Bug 660813 – Translation Memory give wrong characters

After an evaluation, GNOME has moved from Bugzilla to GitLab. Learn more about GitLab.
No new issues can be reported in GNOME Bugzilla anymore.
To report an issue in a GNOME project, go to GNOME GitLab.
Do not go to GNOME Gitlab for: Bluefish, Doxygen, GnuCash, GStreamer, java-gnome, LDTP, NetworkManager, Tomboy.

Bug 660813 - Translation Memory give wrong characters


Summary:	Translation Memory give wrong characters


Status:	RESOLVED FIXED

Product:	gtranslator
Classification:	Other
Component:	Autotranslation
Version:	1.9.x
Hardware:	Other Linux

Importance:	Normal normal
Target Milestone:	2.0
Assigned To:	gtranslator-maint
QA Contact:	gtranslator-maint

URL:
Whiteboard:

Duplicates:	637850 (view as bug list)
Depends on:
Blocks:

Reported:	2011-10-03 18:56 UTC by Kristjan SCHMIDT
Modified:	2011-10-12 14:32 UTC

See Also:
GNOME target:	---
GNOME version:	---

Attachments
program to normalise to composed form (1.09 KB, text/plain) 2011-10-03 19:07 UTC, Allison Karlitskaya (desrt)		Details
screenshot of problem caused by the bug (134.54 KB, image/png) 2011-10-03 19:19 UTC, Tiffany Antopolski		Details
trans memory (1.19 KB, patch) 2011-10-09 18:53 UTC, Ignacio Casal Quinteiro (nacho)	none	Details \| Review
Don't normalize translations stored in the translation memory (3.91 KB, patch) 2011-10-12 10:36 UTC, Neil Roberts	accepted-commit_now	Details \| Review

Description Kristjan SCHMIDT 2011-10-03 18:56:10 UTC

saluton,

i use gtranslator (version 1.9.13) for translation to esperanto.

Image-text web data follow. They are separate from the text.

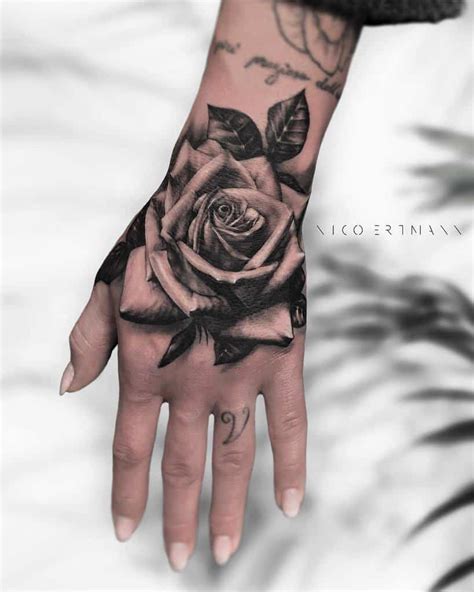 3roses tattoo|rose hand tattoo.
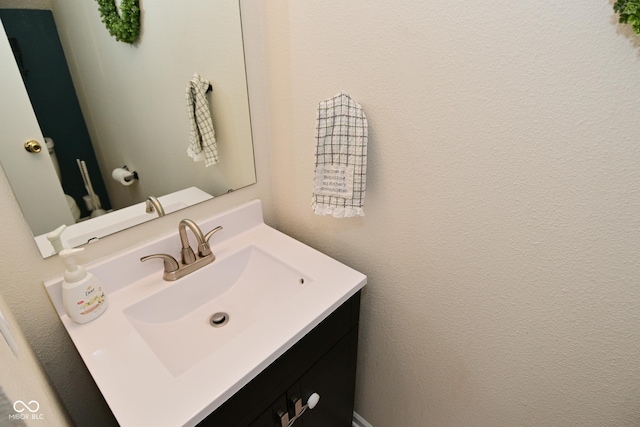 bathroom featuring a textured wall and vanity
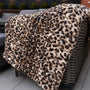 Leopard print blanket draped over a wicker chair on a patio with outdoor lighting and plants in the background.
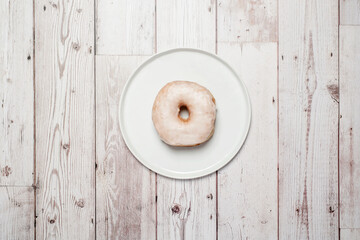 White glazed donut doughnut on a white plate on a white wooden background with copy space and room for text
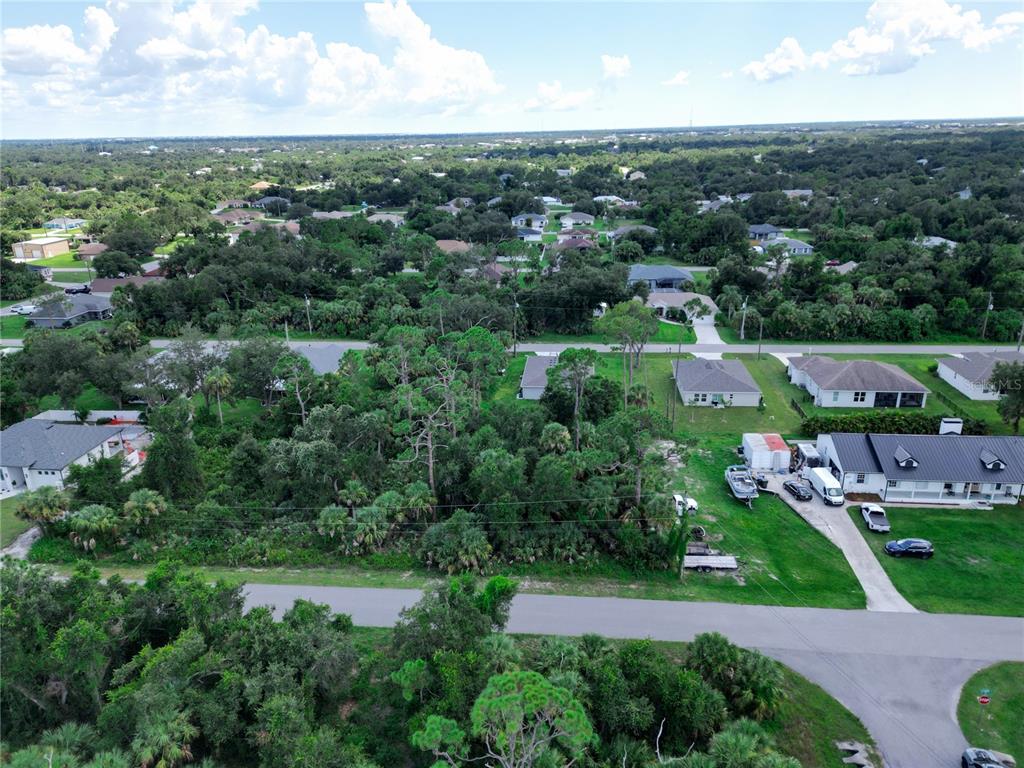 An aerial view shows a wooded residential lot situated between several houses and a paved road — LEESBURG AVENUE, NORTH PORT, FL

the problem is that the Translation Memory change the special esperanto-characters to others. the other characters looks like the right but they aren't.

so here are the right characters:
ĉĝĥĵŝŭ ĈĜĤĴŜŬ

and that's what the Translation Memory give:
ĉĝĥĵŝŭ ĈĜĤĴŜŬ

Comment 1 Allison Karlitskaya (desrt) 2011-10-03 19:07:13 UTC

Created attachment 198141 [details]
program to normalise to composed form

Here's a quick program I wrote that will take a utf8 text file and normalise it to character-composed form.

If I replace the G_NORMALIZE_ALL_COMPOSE with G_NORMALIZE_ALL then it has the opposite effect: all of the special characters are decomposed into letter + combining accent.

Perhaps something like this is going on inside gtranslator...

Comment 2 Allison Karlitskaya (desrt) 2011-10-03 19:10:33 UTC

Indeed, in src/translation-memory/gtr-gda.c we see:

  norm_translation = g_utf8_normalize (translation, -1,
                                       G_NORMALIZE_DEFAULT);

in a couple of places...

Comment 3 Tiffany Antopolski 2011-10-03 19:19:10 UTC

Created attachment 198143 [details]
screenshot of problem caused by the bug

See attached screenshot for how these incorrect letters are rendered.

Comment 4 Ignacio Casal Quinteiro (nacho) 2011-10-03 19:20:20 UTC

Feel free to provide a patch for it ;) If not, I can have a look at it next week.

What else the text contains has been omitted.